▶ WHAT TO DO: Your answer must be the full listing, reproduced exactly, minus any pictures.

▶ EXERCISE DATA:
====================

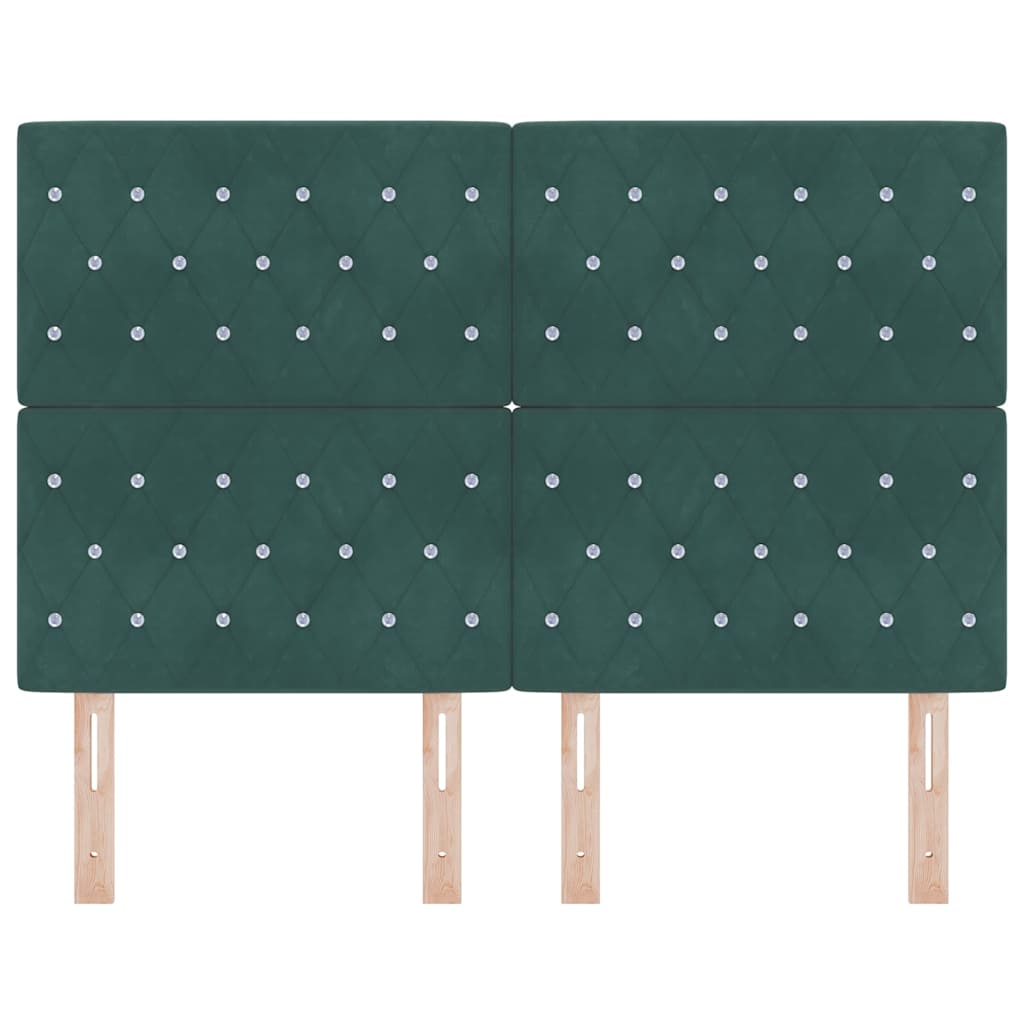 vidaXL Tête de lit à LED avec bandes lumineuses Vert foncé 144 cm Polyester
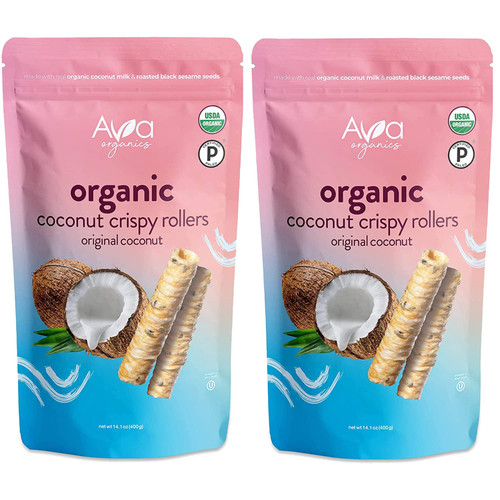 Ava Organics - Coconut Crispy Rollers (Pack of 2) Original Coconut - Family Size - 14.1 oz bags Ava Organics - Coconut Crispy Rollers (Pack of 2) Original Coconut - Family Size - 14.1 oz bags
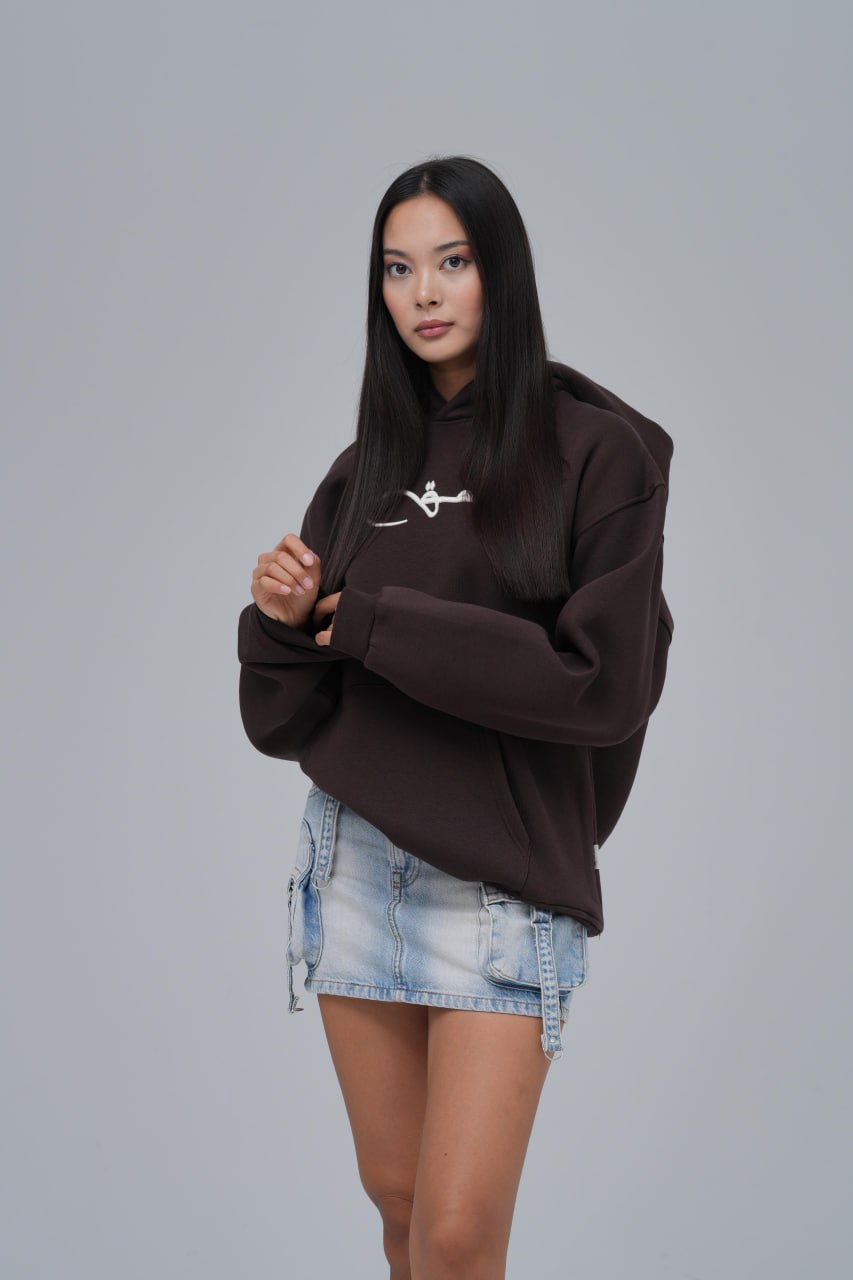 Hâl Baskılı Nakışlı %100 Pamuk Kapüşonlu Unisex Oversize Kahverengi Sweatshirt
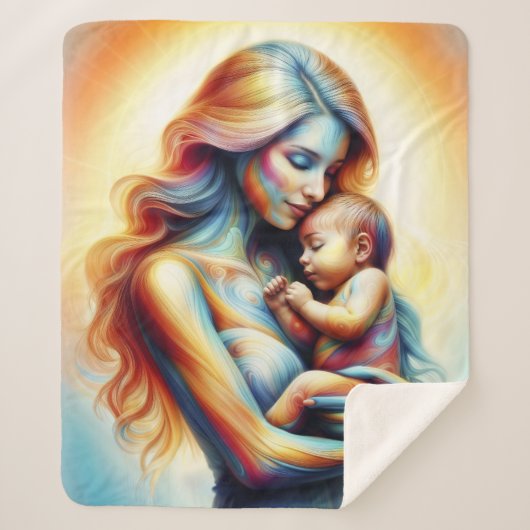 神の母と子供の輝くシ白熱［赤熱］光を放つーン シェルパブランケット (正面)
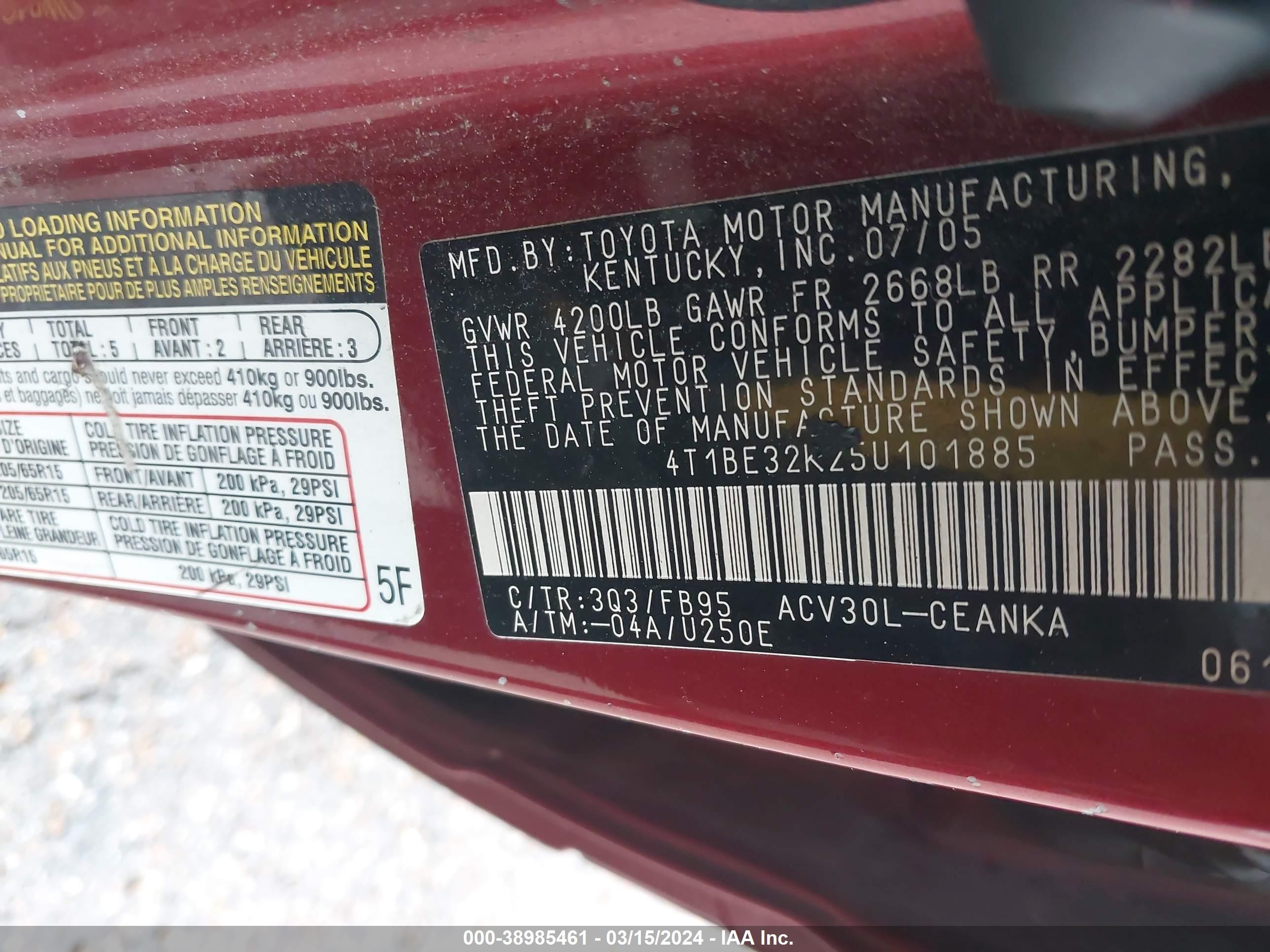 Photo 8 VIN: 4T1BE32K25U101885 - TOYOTA CAMRY 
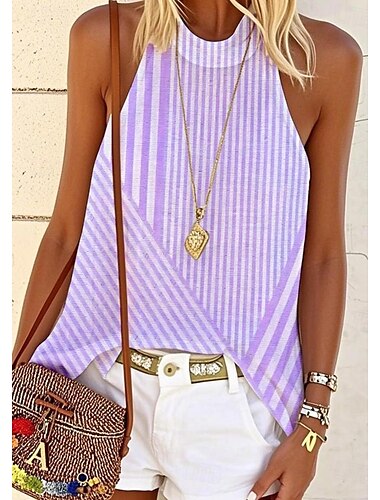  Damen Bluse Grafik Gestreift Stilvoll Lässig Ärmellos Rundhalsausschnitt Hoher Ausschnitt Normale Oberteile Täglich Druck Rosa Blau Purpur Grün Sommer Frühling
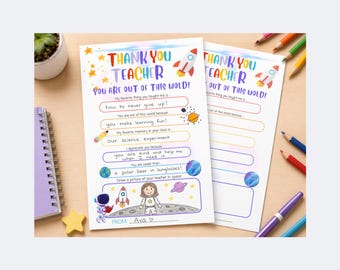 Coloriage de remerciements pour l'enseignant à imprimer, activité de dessin à remplir pour les enfants, thème de l'espace, lettre de remerciement, activité de fin d'année, PDF à remplir
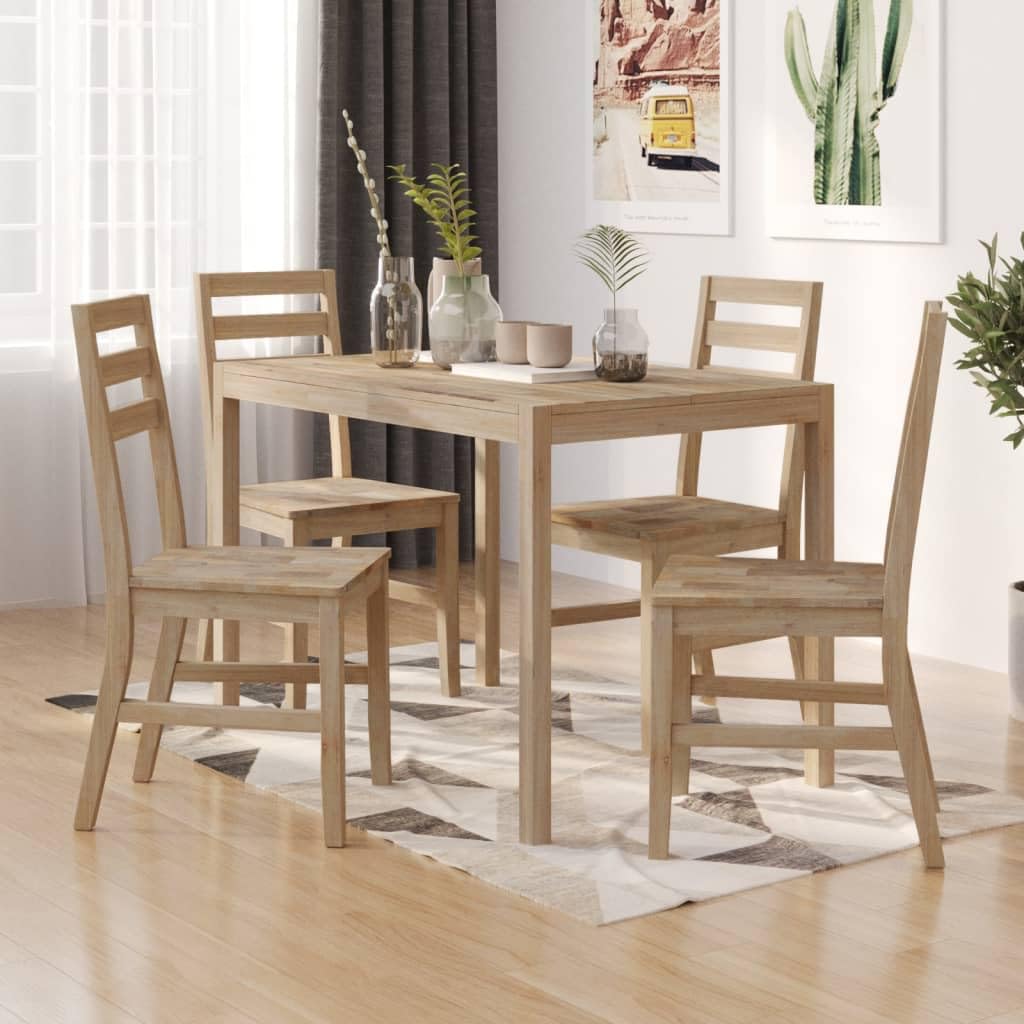 vidaXL Heim & Garten Essgruppe Akazie massiv 5-tlg 4 Stühle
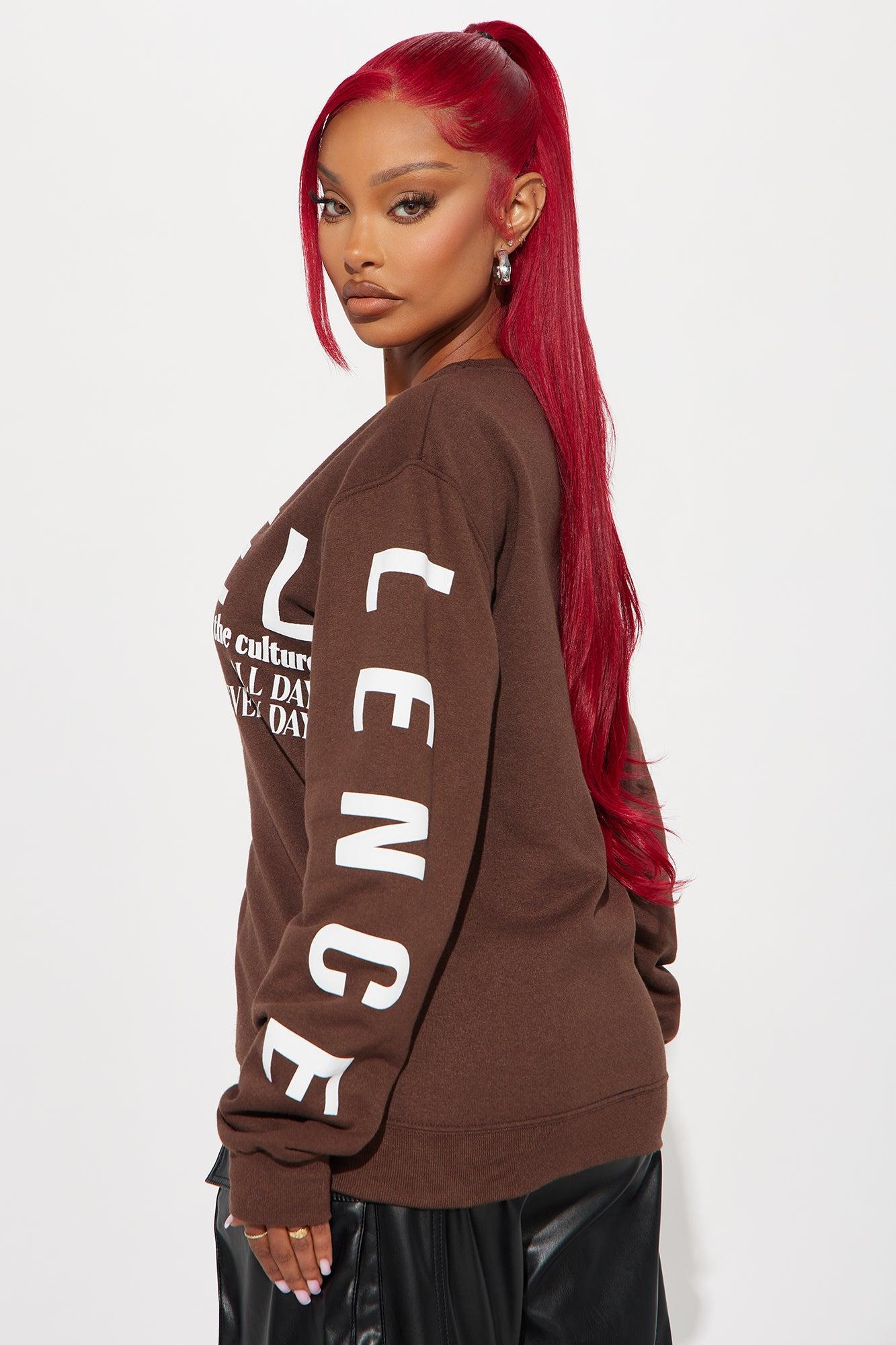 Black Excellence Crew Neck Sweatshirt - Brown Product Image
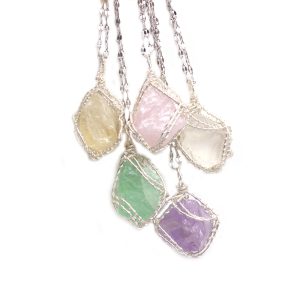 Raw Stone Wrapped Necklace for Women, Pink Crystal, Green Fluorite, Yellow Amethyst, Clavicle Chain, Hand-Wound Natural Stone Pendant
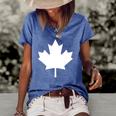 Canadian Flag Women Men Kids Maple Leaf Canada Day Women's Short Sleeve Loose T-shirt Blue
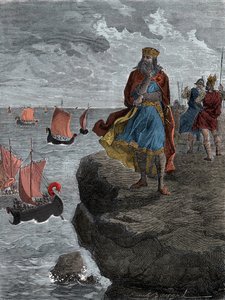 Kaiser Karl der Große (Carlo Magno) beobachtet die Ankunft der Normannenschiffe - König Karl der Große (742/747-814), König der Franken, blickt auf Schiffe voller eindringender Nordmänner herab von Unknown artist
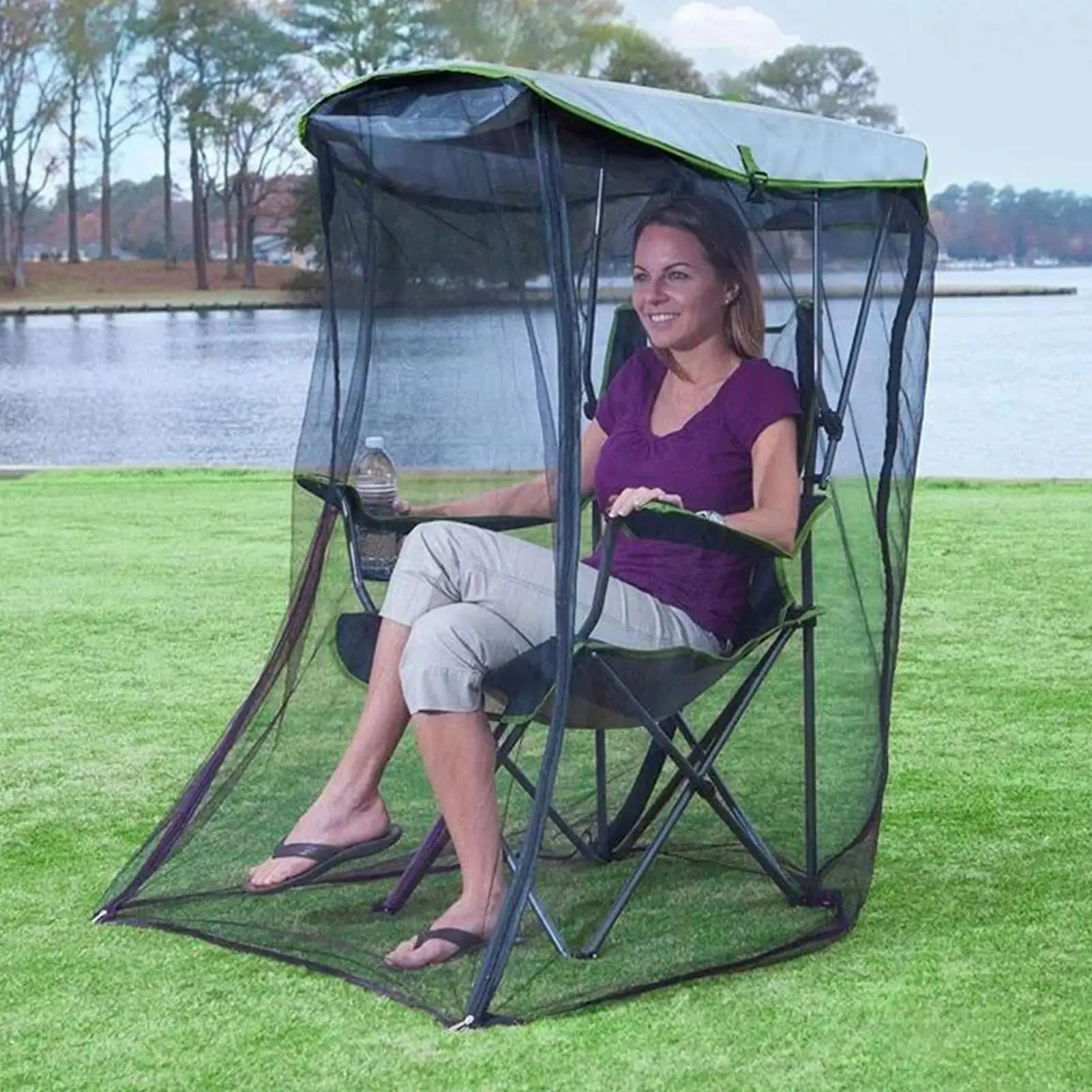 

Outdoor Foldable Camping Swing Mosquito Net for Garden Canopy Chair Fishing Sun Protection Insect Proof Polyester Curtain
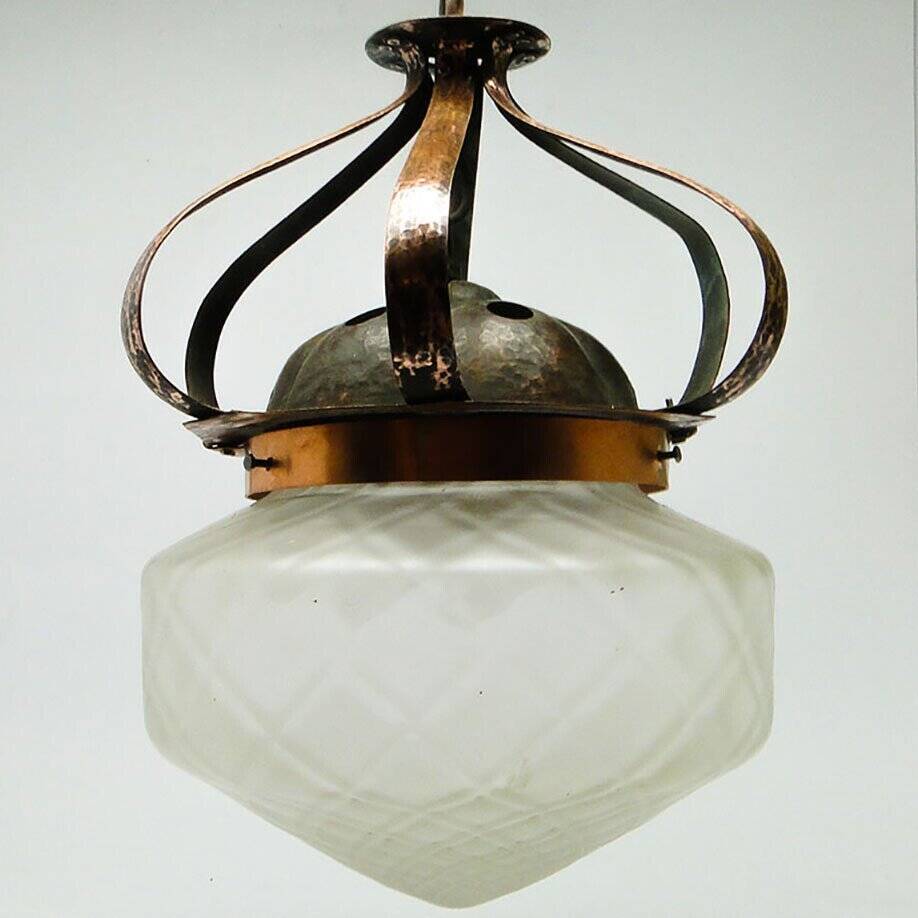 20th century glass pendant lamp, Austro-Hungary, 1890s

====================

▶ TASK ANSWER:
 vidaXL Tête de lit à LED avec bandes lumineuses Vert foncé 144 cm Polyester
 Ava Organics - Coconut Crispy Rollers (Pack of 2) Original Coconut - Family Size - 14.1 oz bags Ava Organics - Coconut Crispy Rollers (Pack of 2) Original Coconut - Family Size - 14.1 oz bags
 Hâl Baskılı Nakışlı %100 Pamuk Kapüşonlu Unisex Oversize Kahverengi Sweatshirt
 神の母と子供の輝くシ白熱［赤熱］光を放つーン シェルパブランケット (正面)
 Photo 8 VIN: 4T1BE32K25U101885 - TOYOTA CAMRY 
  Damen Bluse Grafik Gestreift Stilvoll Lässig Ärmellos Rundhalsausschnitt Hoher Ausschnitt Normale Oberteile Täglich Druck Rosa Blau Purpur Grün Sommer Frühling
 Coloriage de remerciements pour l'enseignant à imprimer, activité de dessin à remplir pour les enfants, thème de l'espace, lettre de remerciement, activité de fin d'année, PDF à remplir
 vidaXL Heim & Garten Essgruppe Akazie massiv 5-tlg 4 Stühle
 Black Excellence Crew Neck Sweatshirt - Brown Product Image
 Raw Stone Wrapped Necklace for Women, Pink Crystal, Green Fluorite, Yellow Amethyst, Clavicle Chain, Hand-Wound Natural Stone Pendant
 Canadian Flag Women Men Kids Maple Leaf Canada Day Women's Short Sleeve Loose T-shirt Blue
 Kaiser Karl der Große (Carlo Magno) beobachtet die Ankunft der Normannenschiffe - König Karl der Große (742/747-814), König der Franken, blickt auf Schiffe voller eindringender Nordmänner herab von Unknown artist

Outdoor Foldable Camping Swing Mosquito Net for Garden Canopy Chair Fishing Sun Protection Insect Proof Polyester Curtain
 20th century glass pendant lamp, Austro-Hungary, 1890s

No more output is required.